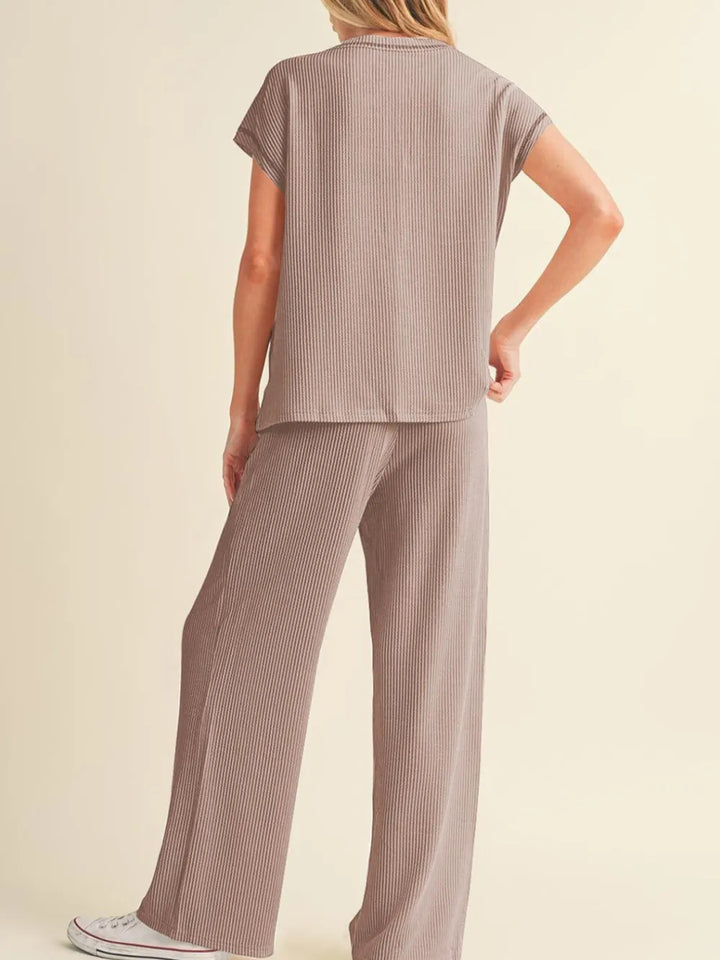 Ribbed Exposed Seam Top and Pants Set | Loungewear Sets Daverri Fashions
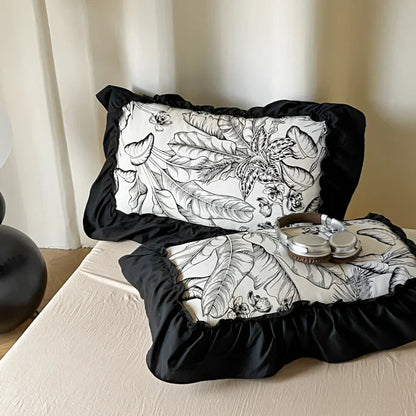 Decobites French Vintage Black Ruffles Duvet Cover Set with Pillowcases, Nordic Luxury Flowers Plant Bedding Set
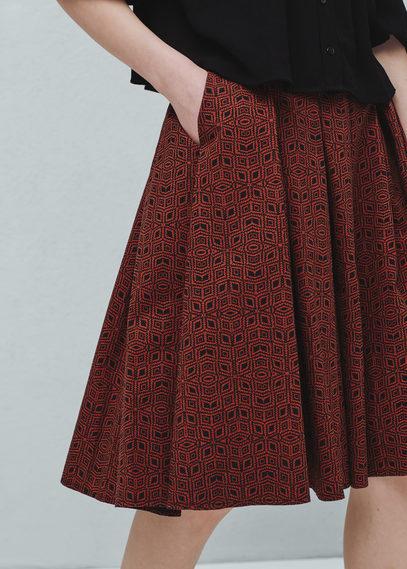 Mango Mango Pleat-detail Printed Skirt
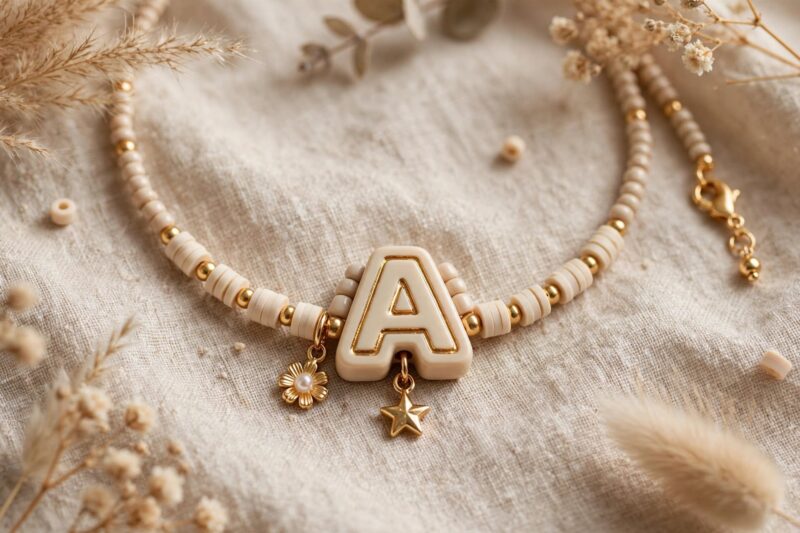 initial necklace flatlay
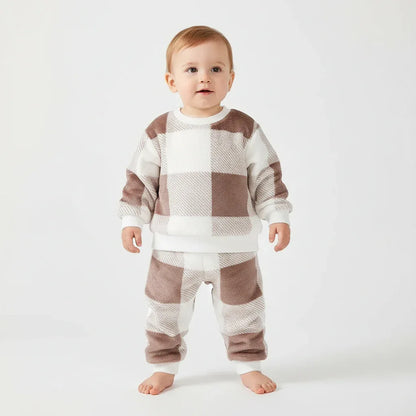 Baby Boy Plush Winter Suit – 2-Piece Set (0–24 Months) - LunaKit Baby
•••
:: WHAT YOU HAVE TO DO ::
No pictures belong in the copy. Return exactly the lines from the line containing "initial necklace flatlay" through the last line of the listing.

:: SOLVED PROBLEM ::
 initial necklace flatlay
 Baby Boy Plush Winter Suit – 2-Piece Set (0–24 Months) - LunaKit Baby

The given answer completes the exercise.